Given a real symmetric matrix $A$ with entries depending on $t$, the derivative $p$-th eigenvalue with respect to $t$ is given by
$$ \lambda_p' = v_p^T A'v_p $$
where $A'$ denotes the derivative of matrix $A$. This can be derived by premultiplying $$ A' v_p + A v_p' = \lambda_p' v_p + \lambda_p v_p' $$
with $v_p^T$, imposing that the eigenvectors have unit length (and thus $v_p \cdot v_p' = 0$), and making use of the fact that $A$ is symmetric.

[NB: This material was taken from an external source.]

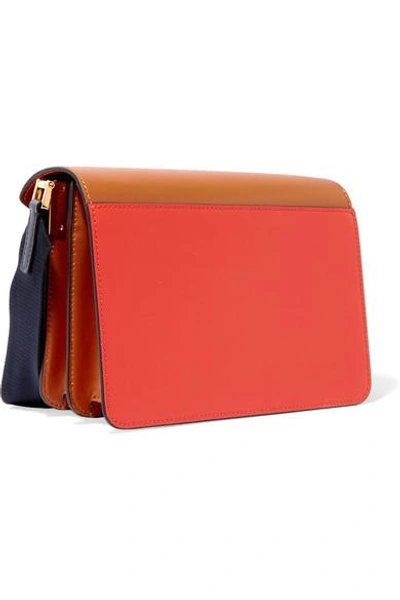 Shop Marni Trunk Two-tone Leather Shoulder Bag In Red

Say I want to use the same approach on the eigendecomposition of $A$ $$ A V = V \Lambda \\ A'V + A V' = V' \Lambda + V \Lambda' \\ V^T A'V + V^T A V' = V^T V' \Lambda + V^T V \Lambda' \\ V^T A'V + V^T A V' = V^T V' \Lambda + \Lambda' \\ \Lambda' = V^T A'V + V^T A V' - V^T V' \Lambda \\ \Lambda' = V^T A'V + \Lambda V^T V' - V^T V' \Lambda \\ $$
also
$$ I' = (V^T V)' = {V^T}'V + V^T V' = 0 $$
However, I don't see how I could use this statement to simplify the earlier expression. I feel like I'm missing something really obvious.
How can I express the derivative of the matrix of eigenvalues $\Lambda$ in terms of the derivative of $A$?